EXERCISE BRIEF: In the entries below, find the line containing "The Scottish Events" and the line containing "Hawaiian Airlines Boeing". Copy those two lines and everything between them exactly, and only that.

DATA SECTION:
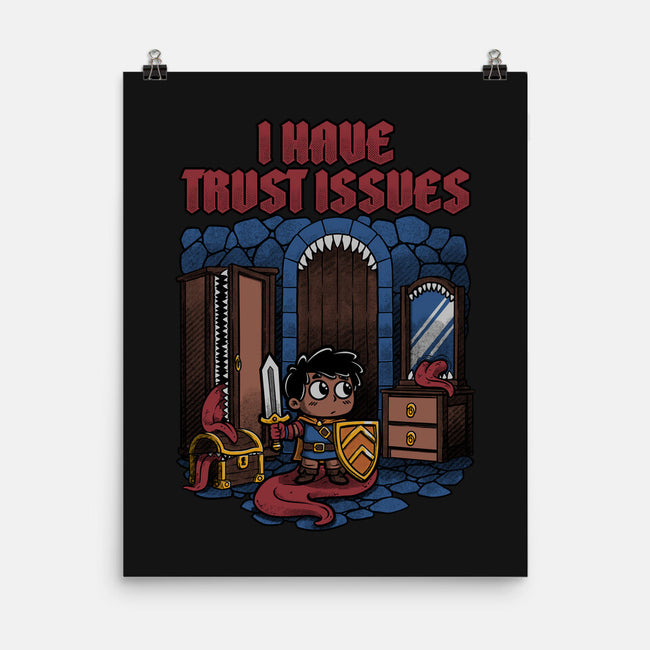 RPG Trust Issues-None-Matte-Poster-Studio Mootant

==

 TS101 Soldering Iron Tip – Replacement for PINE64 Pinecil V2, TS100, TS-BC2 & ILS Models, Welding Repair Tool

* * *

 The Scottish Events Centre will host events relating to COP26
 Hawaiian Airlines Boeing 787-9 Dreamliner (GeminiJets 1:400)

RESULT FOR THIS EXERCISE:
 The Scottish Events Centre will host events relating to COP26
 Hawaiian Airlines Boeing 787-9 Dreamliner (GeminiJets 1:400)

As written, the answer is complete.